**TASK ITEM**
An exact reproduction of the records is required, with all images left out.
'''
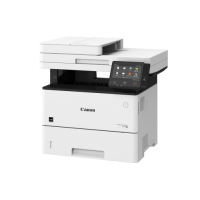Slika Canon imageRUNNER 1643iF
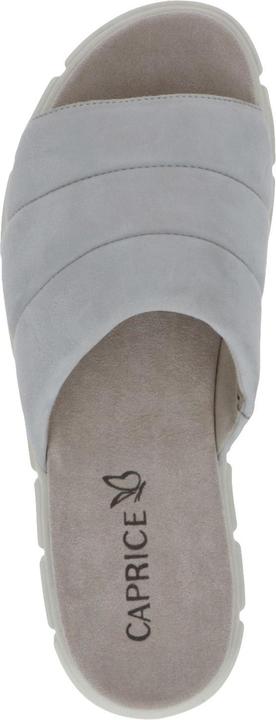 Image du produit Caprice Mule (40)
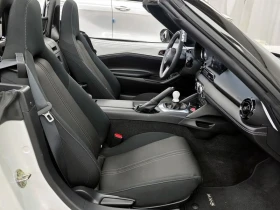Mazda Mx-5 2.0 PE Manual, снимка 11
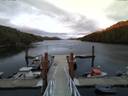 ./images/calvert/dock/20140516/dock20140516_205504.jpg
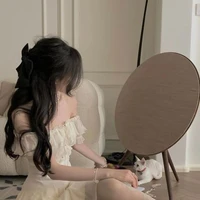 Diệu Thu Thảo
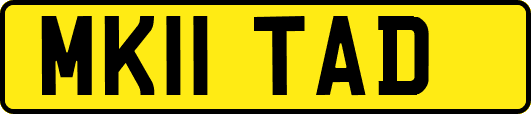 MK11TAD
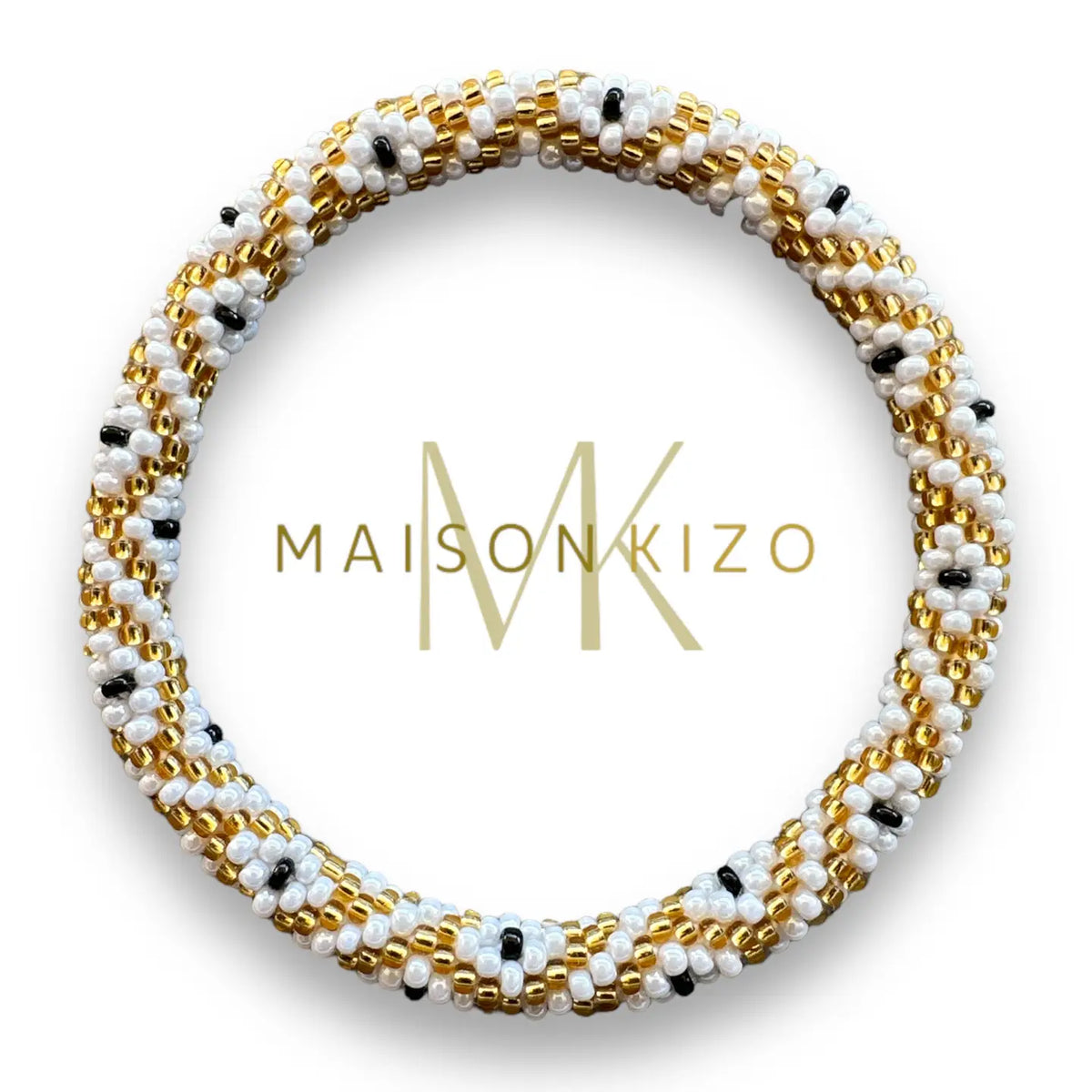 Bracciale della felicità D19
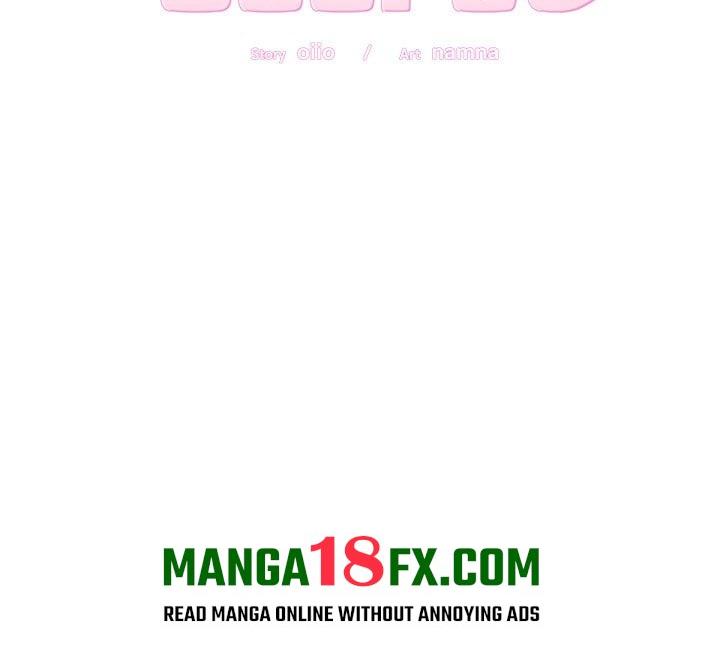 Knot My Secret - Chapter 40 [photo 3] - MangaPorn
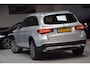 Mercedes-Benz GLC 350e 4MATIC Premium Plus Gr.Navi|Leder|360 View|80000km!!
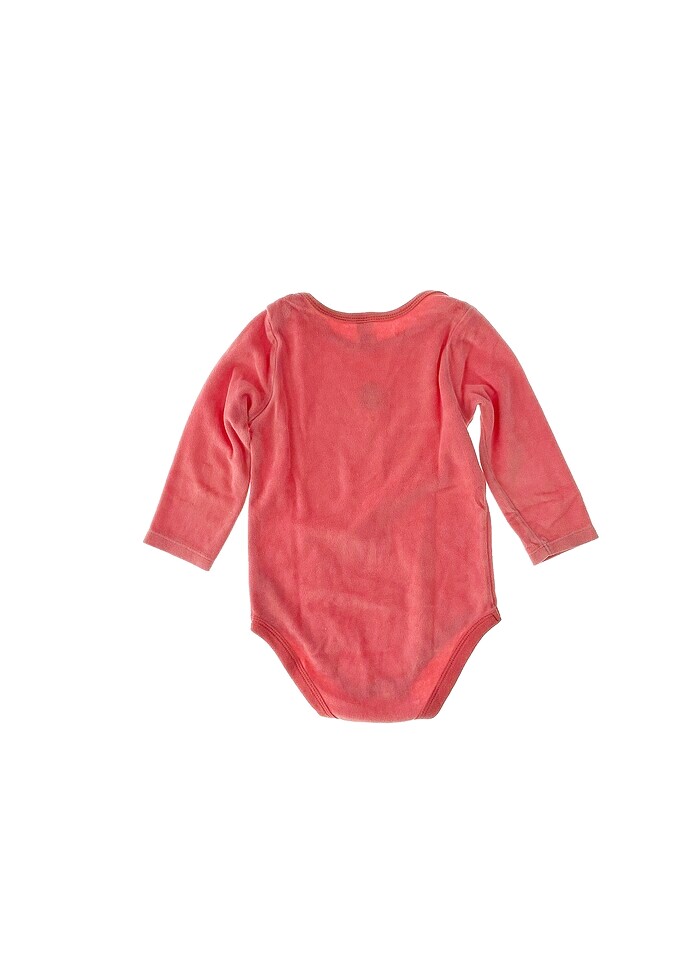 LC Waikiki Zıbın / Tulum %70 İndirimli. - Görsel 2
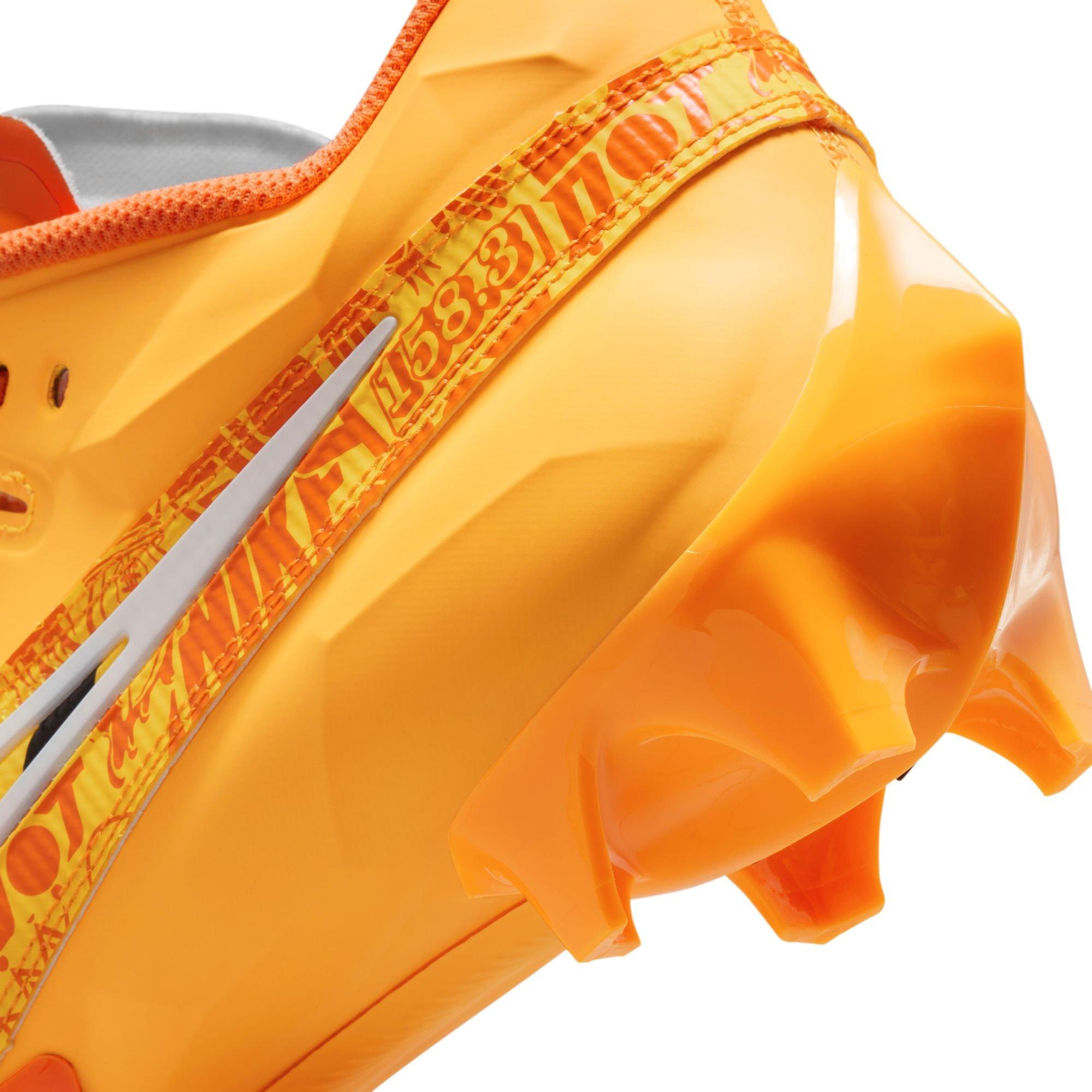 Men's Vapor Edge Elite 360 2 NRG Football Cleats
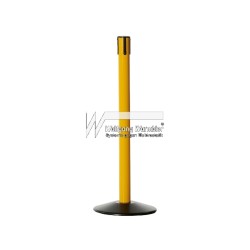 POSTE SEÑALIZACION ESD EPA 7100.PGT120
'''
**WRITTEN REPLY**
Slika Canon imageRUNNER 1643iF
 Image du produit Caprice Mule (40)
Mazda Mx-5 2.0 PE Manual, снимка 11
 ./images/calvert/dock/20140516/dock20140516_205504.jpg
 Diệu Thu Thảo
 MK11TAD
 Bracciale della felicità D19
 Knot My Secret - Chapter 40 [photo 3] - MangaPorn
 Mercedes-Benz GLC 350e 4MATIC Premium Plus Gr.Navi|Leder|360 View|80000km!!
 LC Waikiki Zıbın / Tulum %70 İndirimli. - Görsel 2
 Men's Vapor Edge Elite 360 2 NRG Football Cleats
 POSTE SEÑALIZACION ESD EPA 7100.PGT120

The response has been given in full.